О-о, нет, вот так он как раз и не думал. Гораздо охотнее верилось в то, что с похоронами случилась такая спешка, чтобы не успели приехать они с Алексеем или Дружинин. Потому, что там было что-то такое, на что они могли обратить внимание. Следы от пулевых ранений, например.

И чем больше Иван Кириллович старался уверить сына в своих искренних мотивах, тем больше Мишель убеждался в обратном.

– Допустим, я тебе верю, – произнёс он, когда Гордеев замолчал. – И в таком случае у меня к тебе остаётся два последних вопроса.

– Почему на похороны не пришла Катерина, я не знаю, – ответил Гордеев сразу же, и похоже это было динственной правдой, которую он сказал.

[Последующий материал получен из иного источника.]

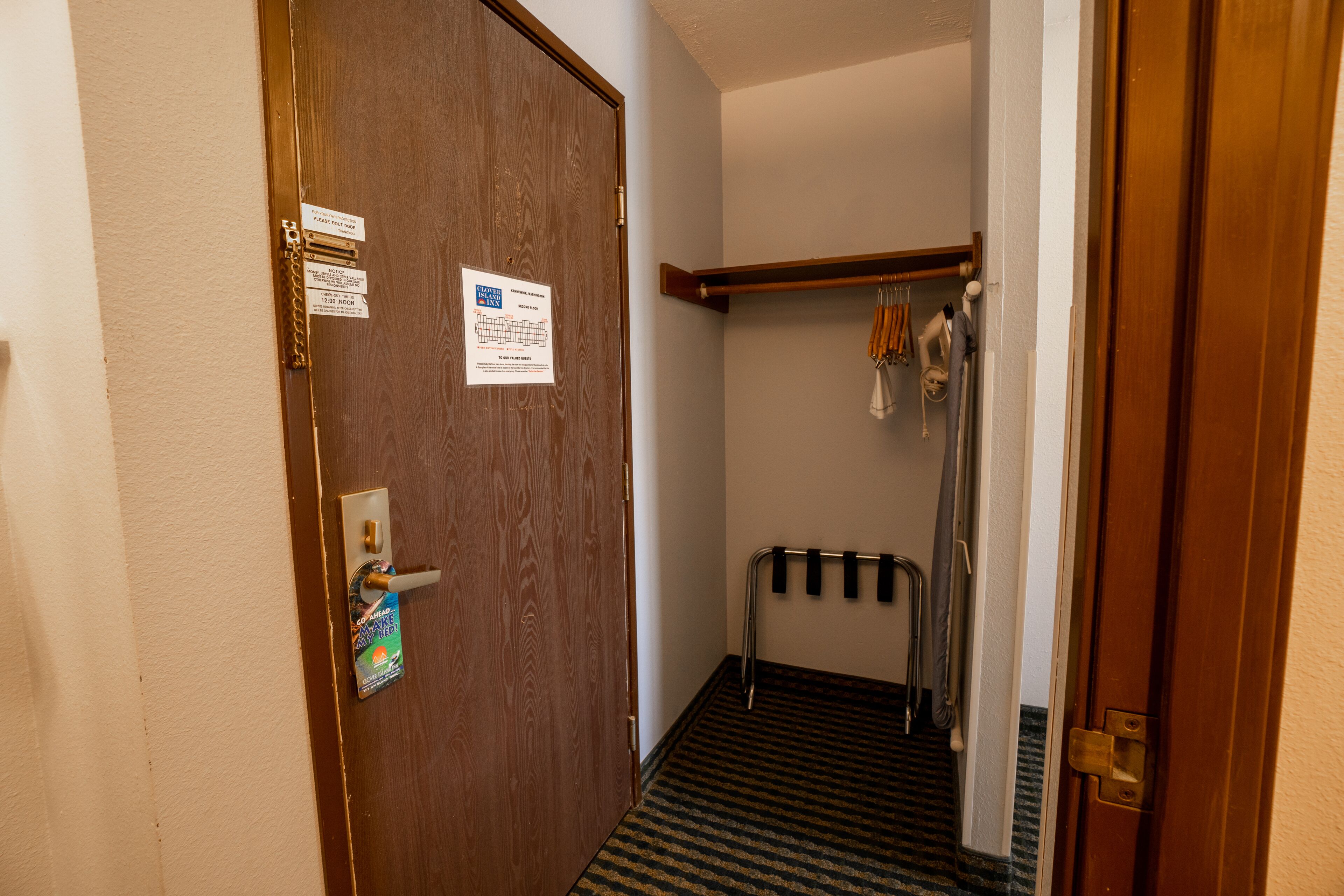 standard room, 2 queen beds, river view | desk, blackout curtains, iron/ironing board, free wifi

Катерина не пришла по собственной инициативе, для Мишеля это не стало неожиданностью. Девушка призналась, что просто не смогла бы вынести этого в одиночку. Про бабушку было заранее известно, что та не сможет пойти – известие о смерти дочери приковало её к кровати на двое суток, доктора едва вернули её с того света, когда она слегла. А больше у бедной Катюши никого не было, ни единого близкого человека или друга, не считая Сергея Авдеева, но он тоже на похоронах Юлии Николаевны не присутствовал.

Что ж, кузину Мишель как раз не винил. Катя была хрупкой и ранимой семнадцатилетней девочкой, рано потерявшей родителей. Юлия Николаевна, удочерив её, заменила ей и отца, и мать, и была для неё единственным светом в окошке – неудивительно, что её смерть стала для Катерины ударом.

Но Мишеля волновало другое:

– Не о Катерине речь. Меня интересует, куда делся матушкин дневник?

В самую точку!

Иван Кириллович едва ли не подскочил на месте, услышав о дневнике. Сигара чуть не выпала из его пальцев, и он, поспешно определив её в пепельницу, сложил руки на груди, чтобы не выдать своего волнения.

– Д-дневник?

«Странно, – подумал Мишель с удивлением, – он его явно не брал. Но куда же он тогда мог деться?»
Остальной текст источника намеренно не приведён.